DataPLANT News

Kick-Off Task Area 2 ''Software/Service''

30 Oct 2020

On October, 30th the participants in Task Area 2 gathered to discuss and define the direction of the developments in software, services and infrastructure. The participants bring in a diverse expertise in a broad range of field to foster a lively exchange and a broad range of concepts and ideas to be discussed with the community: Christoph Garth is an expert in visualizing biological data in HPC context, setting up workflows on large data sets and integrating them into services landscape. Stefan Dessloch contributes deep insights into data base design and transformation of data. Björn Grüning is heavily involved in Galaxy, Bioconda, BioContainers, bioinformatical workflows, Elixir, EOSC(-life), EGI and Healthy Cloud. Heike Leitte is an expert on visualization, human machine interaction, the use of Jupyter notebooks and machine learning. Sven Nahnsen brings in the QBIC insights on *omics workflows, portal design, Nextflow and metadata in the field of bioinformatics. Dirk von Suchodoletz brings in the provider's perspective on the technical aspects in research data management, service integration and general infrastructure. Jens Kürger, the head of TA2, is deeply involved in the bwHPC (Baden-Württemberg HCP), de.NBI Cloud, the Tübingen Machine Learning Cloud, EOSC-life, Healthy Cloud, the GHGA NFDI and participated in MoSGrid. Kaus Rechert contributes his expertise in long-term access to digital objects, such as software preservation, long-term strategies, archiving in the mixture of software and data.

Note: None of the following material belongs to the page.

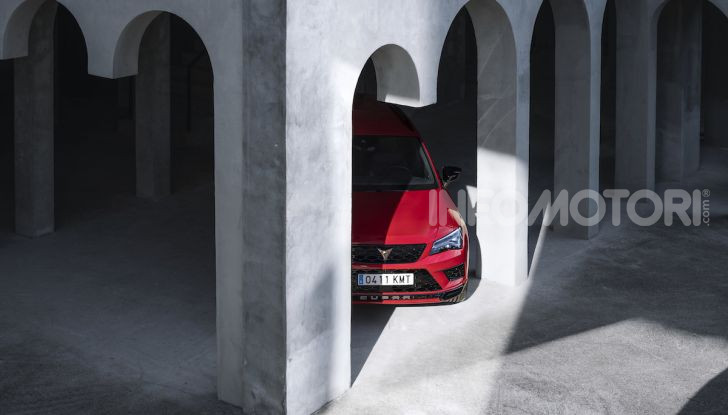 Cupra Ateca: prova su strada del SUV sportivo con 300CV [VIDEO] - Foto 13 di 38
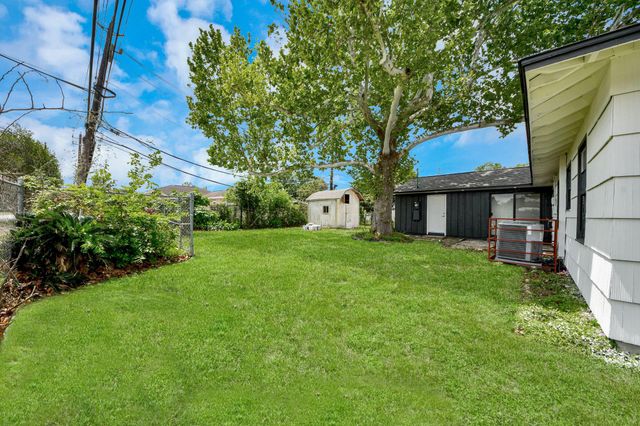 6522 Belarbor Street, Houston, TX 77087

Similar to the overall project, TA2 has to cope with a budget cut as well, i.e. to rearrange the work packages and milestones. The personnel will be hired when the consortial contract is signed by all co-applicants, which is supposed to happen soon. For the architectural framework of the software and services building blocks like the envisioned portal, metadata registry, a data versioning service (based on Git and S3 Storage provided by de.NBI Cloud and bwSFS), IsaTab, SWATE and annotation of data sets were briefly discussed. To deepen the conversation and mutual understanding, there will be regular online meetings (one hour in length) held every second Friday, starting with community needs and a first draft of the ARC concept, followed by an introduction to the planned portal. Further meetings will deal with data versioning and the required underlying infrastructure, ideas and concepts for a metadata registry, workflow systems (Galaxy, NextFlow), federated storage and interfaces to it (data publication, Invenio), data modelling (conversion, machine learning, data quality) and data presentation (visualisation and ontologies). At a certain point the topic of sustainable long-term access will become relevant (format analysis, risiks, migration, software preservation, license management and preservation planning). DataPLANT´s three-pillar model, consisting of standardization, software and services as well as direct community support through data stewards, envisages an agile approach with gradual steps is envisioned for the planning and development, including involving regular community interaction. A starting point is the first outline of the ARC and the feedback from the call for ARCs to be computed and discussed in the upcoming weeks.